If you’re a huge fan of the beloved Knights of the Old Republic franchise and you’ve played it more times than you can remember, you might resent the idea that the world doesn’t need a KOTOR remake – it absolutely does need it.
Sure, Saber Interactive might be a bit slow in releasing its remake of the classic 2003 Bioware RPG (which it announced back in 2021), but the company’s CCO Tim Willits has confirmed that “everything that we have talked about is still in development,” as he said in an X post on March 14.
Now let’s see why the gaming community hasn’t really moved beyond the need for a KOTOR remake and why these oddly pessimistic arguments about not needing it are so wrong.
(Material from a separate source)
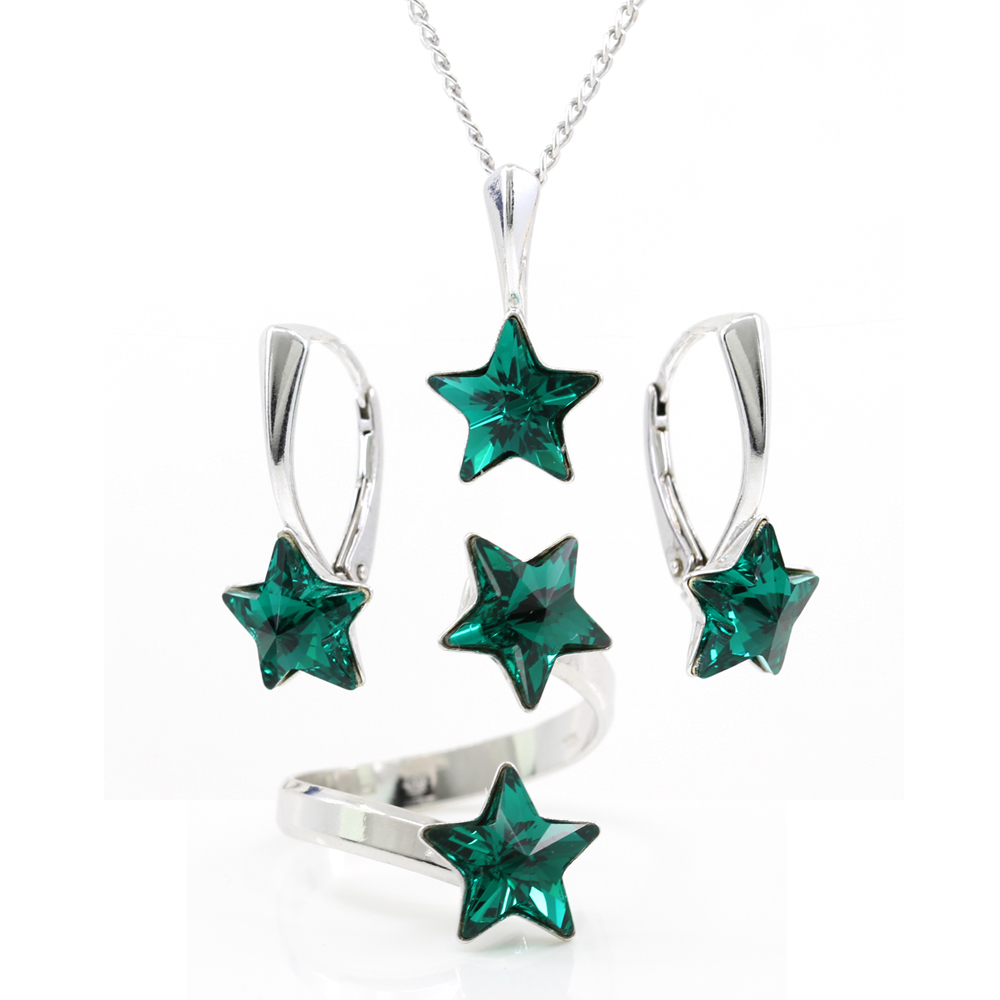 Set complet Star cu cristale Swarovski Emerald, argint 925 rodiat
‘There are plenty of Star Wars games to play’
True, there are lots of other Star Wars games out there (even the truly exciting one in the making that brings XCOM elements to it), but the ‘other fish in the sea’ isn’t a good enough argument to simply give up hope that there’ll be a KOTOR remake any time soon.
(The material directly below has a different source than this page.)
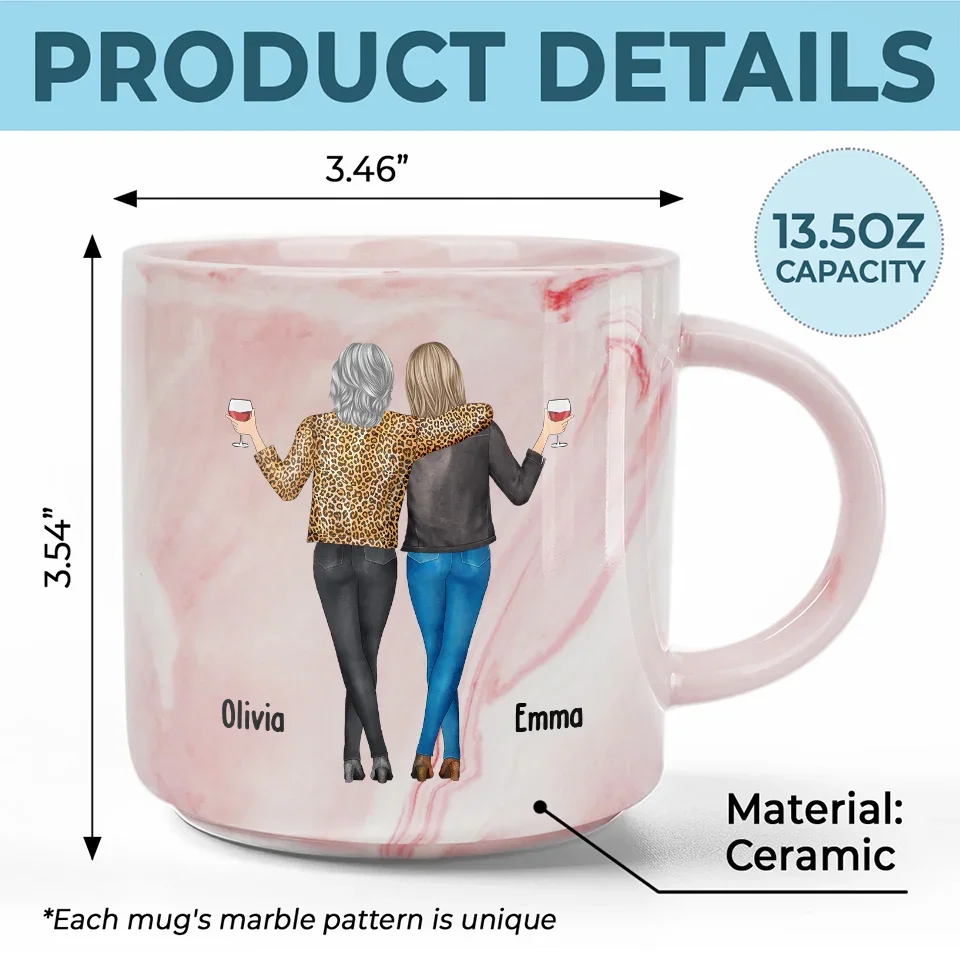 Thank You For Being My Unbiological Sister - Bestie Personalized Custom Marble Mug - Gift For Best Friends, BFF, Sisters - Image 5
And while they’re all more-or-less fine and dandy, catering to players across many different genres and consoles, we do need a KOTOR remake, even if it’s for purely sentimental reasons. By the way, we’ve already been waiting for years for the new Mass Effect (first revealed back in 2020, before the KOTOR remake even), and it’s coming. So, we can wait.
‘We already have KOTOR’
Yes, there’s already the original version and, sure, we can play it. So… let’s just forsake a more modern version with better graphics, richer dialogues, and other improved areas? Many other classics have gotten their own remakes or remasters or they’re about to, in line with all the new technological advances.
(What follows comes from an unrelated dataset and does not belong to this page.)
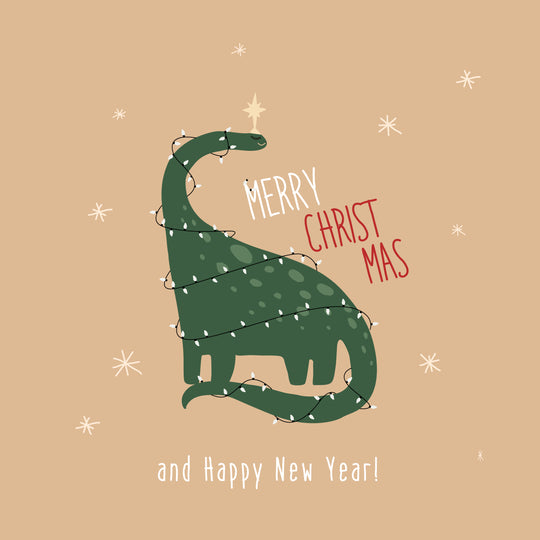 Cute Dino Merry Christmas And Happy New Year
Just think of the likes of Mass Effect, Assassin’s Creed, Baldur’s Gate, The Last of Us, Mafia, Grand Theft Auto, Half-Life, Tomb Raider – the list goes on. You can say that the issue here is actually in the semantics (as in ‘want’ versus ‘need’), but arguing that we don’t need a KOTOR remake and that a successor would be better is simply not viable.
There’s plenty to be done with the original and, after all, why not have both? Let’s remake the originals and then make a sequel – that way we all get what we want, nay, what we need. It would be worth the effort and the gaming community would appreciate it, even if it takes a few years.